Just to spell it out, there are differences between the following:
(a) Providing emotional support for survivors
(b) Talking about how to support survivors
(c) Talking about opposing rapists or rape culture
Sometimes people respond to survivors with (b) or (c) unasked, not realizing how emotionally trying the topics can be. But here I am asking for (b) and (c), so it’s fine.
I wrote this not for emotional support, but because I am a Well-Known Blogger, and people might have a hard time ignoring me. Here’s the main thing I learned looking back: Ace survivors are already here, and have been since the beginning, whether they talk about it or not. Listen to what they have to say, if they want to say it, and recognize that there are many experiences, including ones very different from my own. Support Resources for Ace Survivors. That is all.
1. I haven’t seen any direct evidence that the nocebo effect operates on trauma or rape, but if you read about the nocebo effect, it seems a reasonable guess. I found that study through a Reddit thread where people were using it to argue that SJWs are terrible. I didn’t get the sense that these Redditors actually cared about the effects on victims.
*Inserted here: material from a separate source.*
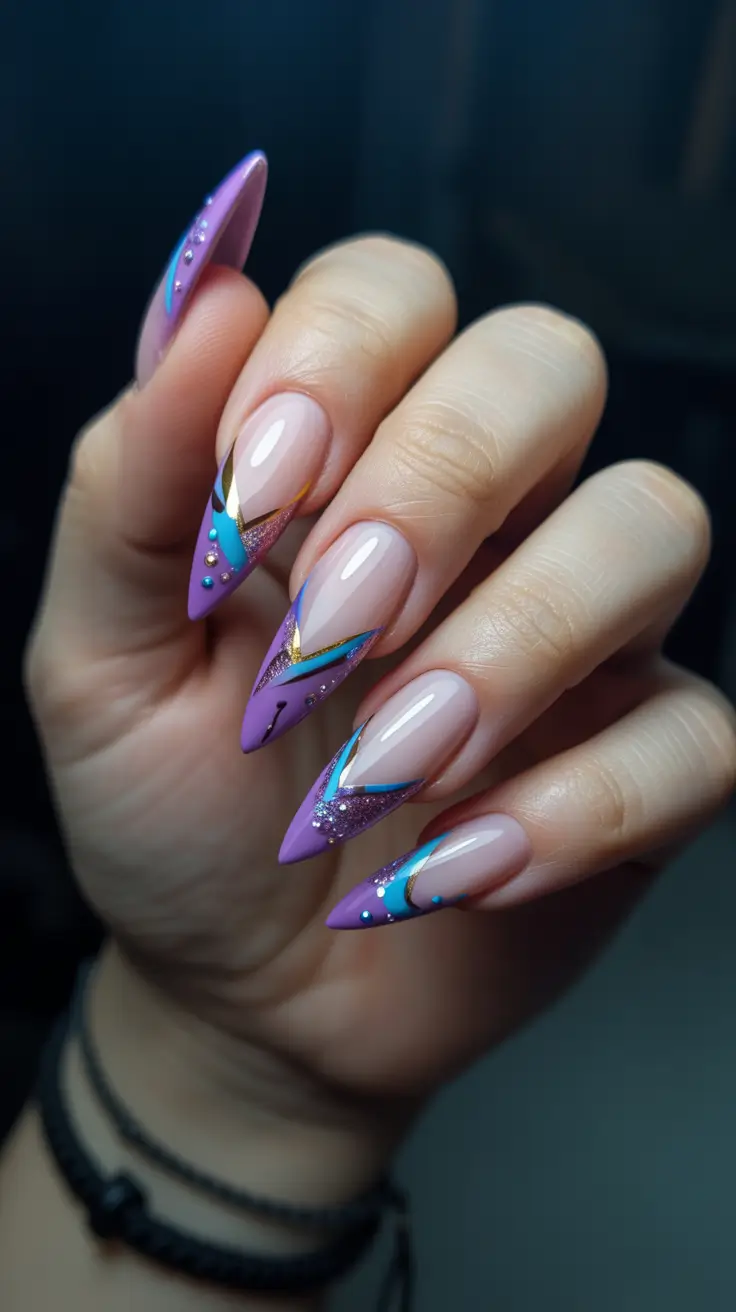 february nails 2026 Violet and Blue Graphic Almond With Gold Highlights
3. Situations involving alcohol or other drugs are extremely common. In one study of convicted rapists, three quarters acknowledged using drugs at the time. Another study of college students who self-reported actions that qualify as rape found that 80% of their victims were incapacitated by drugs. Thanks to HJ Hornbeck (warning: autoplay video) for finding these citations. He also argues based on literature that alcohol, not GHB, is the number one date rape drug.